Putting pulses into the farming system for household food and nutrition security
In spite of impressive growth of Indian agriculture, ensuring household food and nutrition security is still a challenge due to imbalanced growth in agriculture. Food and nutrition security is said to be achieved when adequate and nutritious food is available and accessible to all individuals at all times to live a healthy and active life.
Though production of pulses has increased in India in recent decades it has not kept pace with the increase in population. Given that Pulses are a major source of protein in Indian diet and are climate resilient crops suited to rainfed farming conditions, increase in pulse production can be a remedy for addressing undernutrition.
Half of the pregnant women in India are anemic while in the case of children under the age of five years, 74 percent are reported to be anemic and 43 percent underweight (World Bank, 2012). Promotion of Pulses (Red gram Green gram and Chickpea) form an important of the core crop interventions under an ongoing Farming System for Nutrition (FSN) study in Wardha district of Maharashtra, India as part of a research programme on Leveraging Agriculture for Nutrition in South Asia (LANSA). The focus of the intervention is to bring about change consumption pattern of food items over time in smallholder farm families leading to greater dietary diversity and improved nutrient intake in terms of energy, protein and fat; from my experience, the availability of quality seeds of acceptable pulse varieties is a challenge in the region. Specific varieties are often available only through the state governments research institutes and are not very accessible to small holder farmers. Research and extension department’s efforts should focus on farmer selection of appropriate varieties and their promotion to increase cultivation and consumption.

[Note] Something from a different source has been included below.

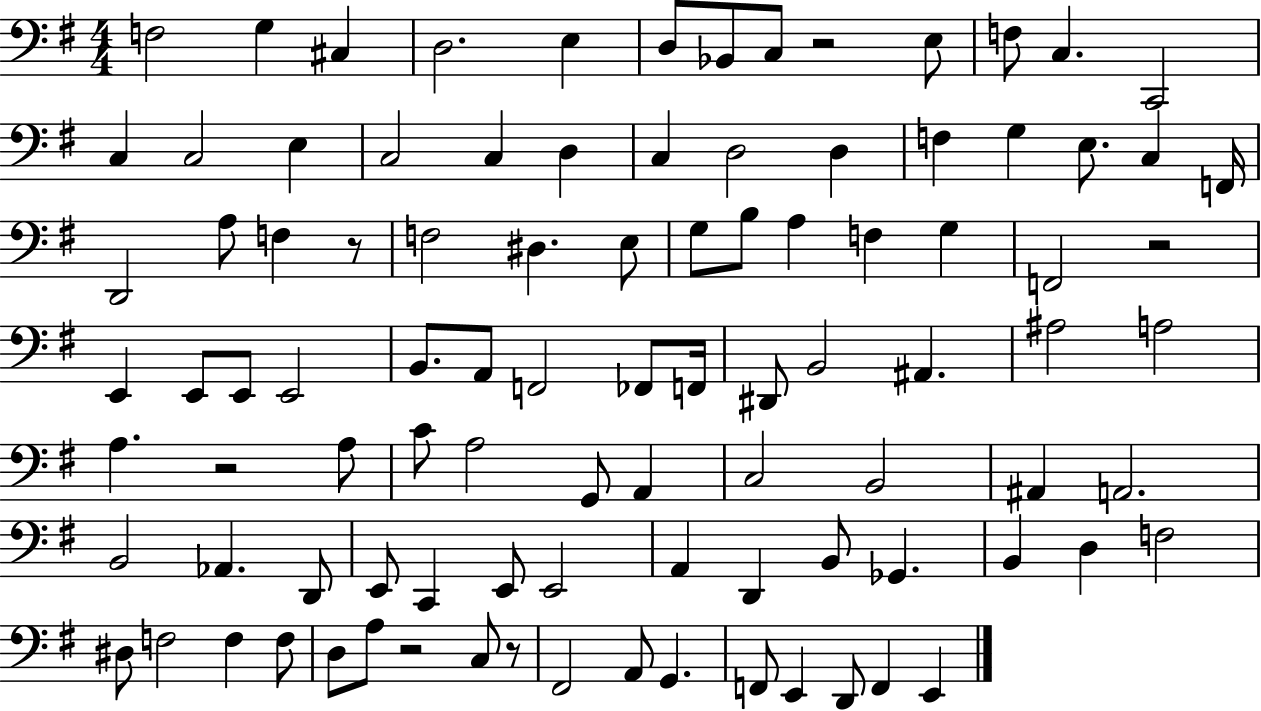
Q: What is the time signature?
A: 4/4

Also, considering the fact that there is widespread malnutrition in India, especially among children and women, there is need to increase production and availability of pulses by adopting various innovative measures like institutional and policy support, development and wider adoption of High Yielding Varieties (HYV) and low cost technologies, proper extension services for processing and marketing of pulses. In my view, a major innovation that can facilitate movement of pulses from the field to the cooking pot will be introduction of low cost pulse processing machines in villages and greater nutrition awareness on the benefits of consuming pulses. Also including pulses in social protection programmes like the Mid-Day Meal (MDM) and the PDS will help promote their consumption for better nutrition.